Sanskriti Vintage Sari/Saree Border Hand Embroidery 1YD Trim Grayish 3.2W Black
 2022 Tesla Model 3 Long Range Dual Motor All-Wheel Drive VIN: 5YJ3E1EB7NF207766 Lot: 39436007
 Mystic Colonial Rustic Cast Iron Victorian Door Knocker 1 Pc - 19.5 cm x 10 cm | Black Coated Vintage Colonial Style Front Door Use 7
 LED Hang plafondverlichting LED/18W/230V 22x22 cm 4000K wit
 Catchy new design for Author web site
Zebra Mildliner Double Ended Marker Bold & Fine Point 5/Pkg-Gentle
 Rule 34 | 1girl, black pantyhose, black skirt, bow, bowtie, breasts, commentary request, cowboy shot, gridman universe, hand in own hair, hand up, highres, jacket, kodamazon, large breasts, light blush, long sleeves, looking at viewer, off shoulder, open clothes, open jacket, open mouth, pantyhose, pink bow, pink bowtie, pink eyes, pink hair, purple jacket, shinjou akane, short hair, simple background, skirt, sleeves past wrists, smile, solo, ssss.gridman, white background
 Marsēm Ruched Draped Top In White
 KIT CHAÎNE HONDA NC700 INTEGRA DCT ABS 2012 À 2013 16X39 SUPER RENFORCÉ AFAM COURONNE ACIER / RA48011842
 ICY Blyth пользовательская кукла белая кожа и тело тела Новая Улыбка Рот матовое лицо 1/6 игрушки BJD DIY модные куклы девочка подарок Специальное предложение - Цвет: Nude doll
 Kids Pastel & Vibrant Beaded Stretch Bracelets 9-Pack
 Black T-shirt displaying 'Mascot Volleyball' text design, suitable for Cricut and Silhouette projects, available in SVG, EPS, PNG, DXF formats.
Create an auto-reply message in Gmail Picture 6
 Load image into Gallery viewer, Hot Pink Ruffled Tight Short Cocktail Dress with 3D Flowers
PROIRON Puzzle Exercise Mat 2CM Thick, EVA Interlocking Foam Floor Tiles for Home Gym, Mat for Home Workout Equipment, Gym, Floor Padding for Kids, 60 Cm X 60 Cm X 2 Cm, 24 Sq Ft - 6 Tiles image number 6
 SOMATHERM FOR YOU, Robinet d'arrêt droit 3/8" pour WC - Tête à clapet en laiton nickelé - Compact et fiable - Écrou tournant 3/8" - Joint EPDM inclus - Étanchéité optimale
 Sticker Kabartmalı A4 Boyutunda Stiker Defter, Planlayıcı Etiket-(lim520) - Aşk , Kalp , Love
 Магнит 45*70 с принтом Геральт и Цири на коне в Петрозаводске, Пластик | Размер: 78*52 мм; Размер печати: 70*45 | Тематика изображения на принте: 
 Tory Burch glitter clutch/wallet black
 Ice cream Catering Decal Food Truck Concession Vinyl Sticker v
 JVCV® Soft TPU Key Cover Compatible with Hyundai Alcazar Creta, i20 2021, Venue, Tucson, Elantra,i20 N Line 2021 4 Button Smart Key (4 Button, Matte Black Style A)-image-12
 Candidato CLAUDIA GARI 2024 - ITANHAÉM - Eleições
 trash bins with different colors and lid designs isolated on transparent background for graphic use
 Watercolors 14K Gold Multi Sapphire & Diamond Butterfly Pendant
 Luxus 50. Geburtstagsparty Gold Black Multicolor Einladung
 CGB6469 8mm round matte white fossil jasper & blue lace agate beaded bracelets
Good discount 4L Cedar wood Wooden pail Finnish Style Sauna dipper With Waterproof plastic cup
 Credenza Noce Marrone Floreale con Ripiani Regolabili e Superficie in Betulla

----

* Exercise goal: Please copy, exactly as written, every line in the listing above from the line with "Catchy new design for Author web site" up to and including the line with "Zebra Mildliner Double".

* Solution:
 Catchy new design for Author web site
Zebra Mildliner Double Ended Marker Bold & Fine Point 5/Pkg-Gentle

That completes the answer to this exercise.